:: Excerpted records ::
══════════
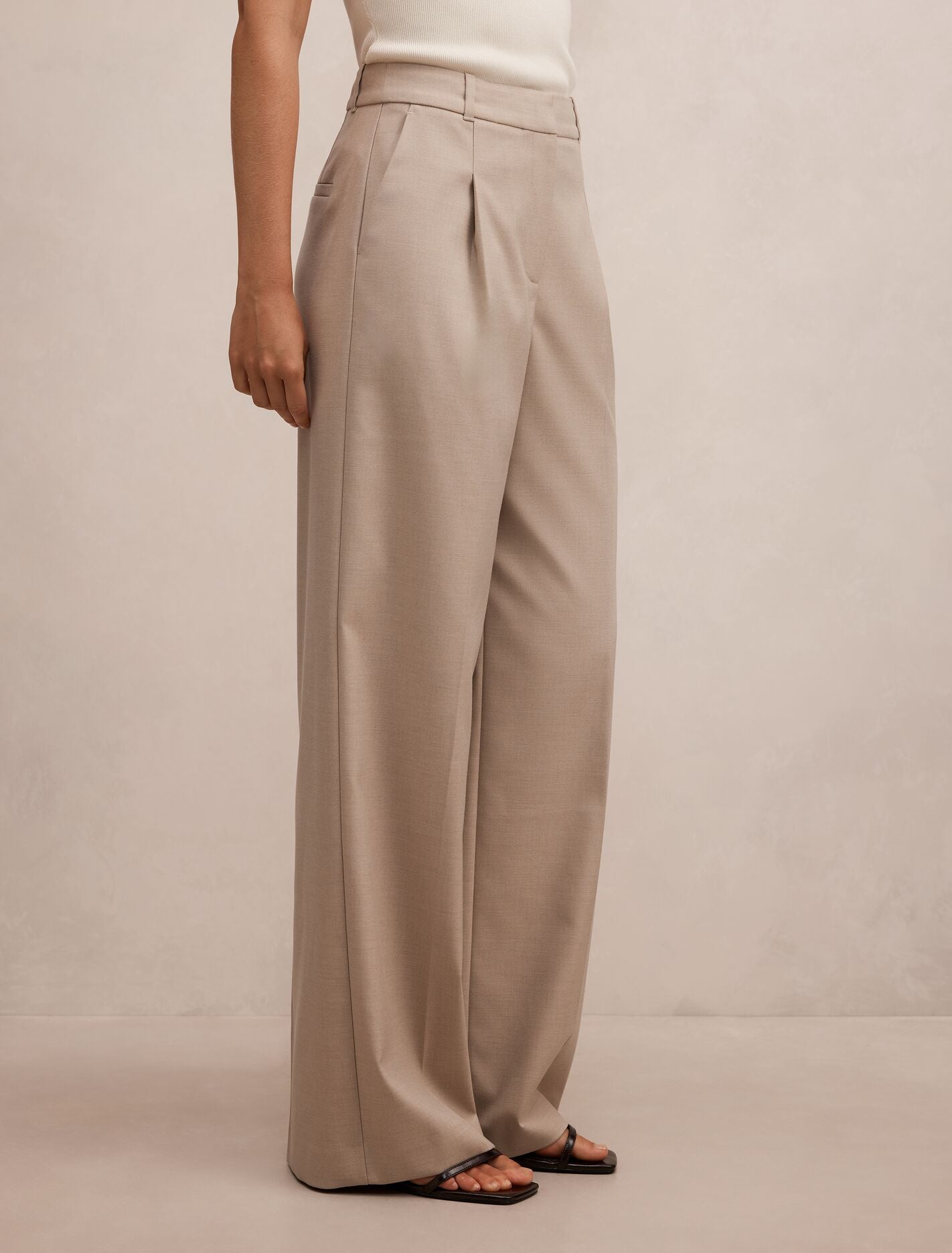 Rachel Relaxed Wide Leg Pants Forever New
══════════
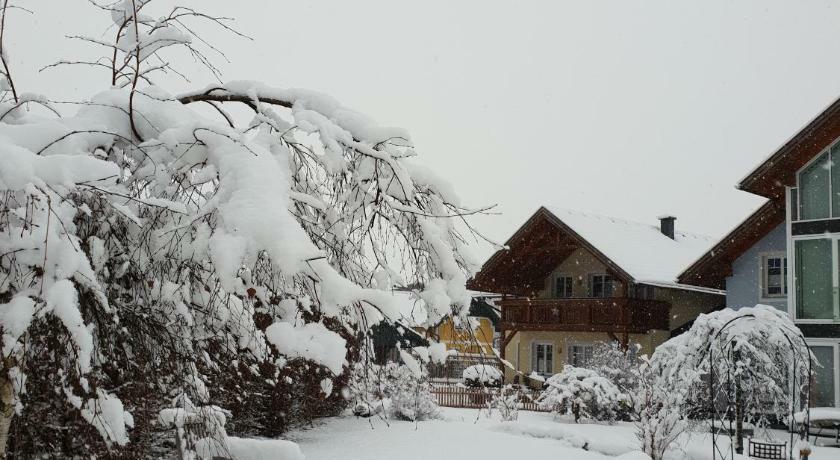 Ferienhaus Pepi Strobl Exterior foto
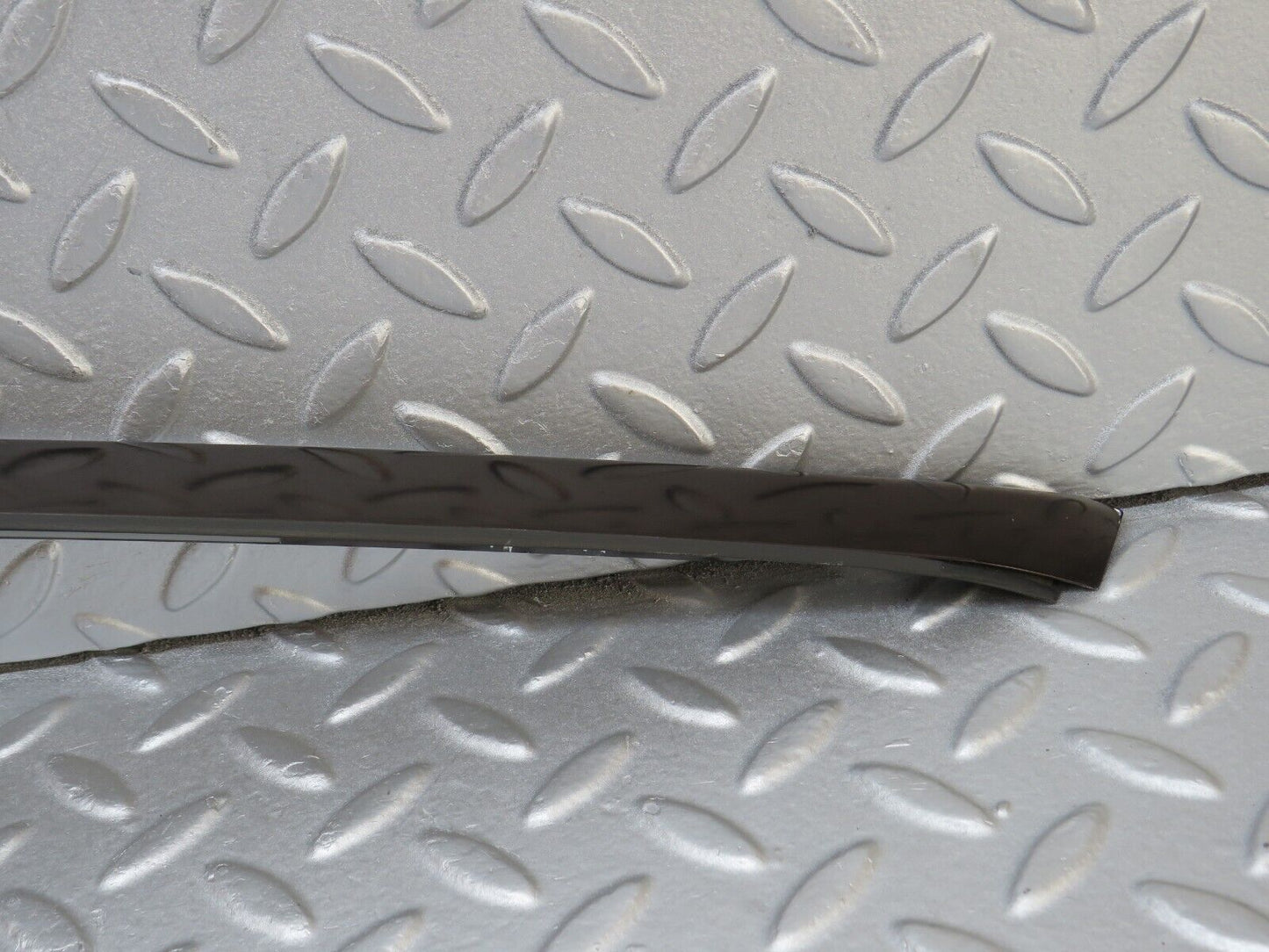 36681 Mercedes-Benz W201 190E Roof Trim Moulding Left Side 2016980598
══════════
:: Work instructions ::
Would you output only the span of the records above that opens with the line containing "Ferienhaus Pepi Strobl Exterior foto" and closes with the line containing "36681 Mercedes-Benz W201", ends included and pictures dropped?

:: Written reply ::
 Ferienhaus Pepi Strobl Exterior foto
 36681 Mercedes-Benz W201 190E Roof Trim Moulding Left Side 2016980598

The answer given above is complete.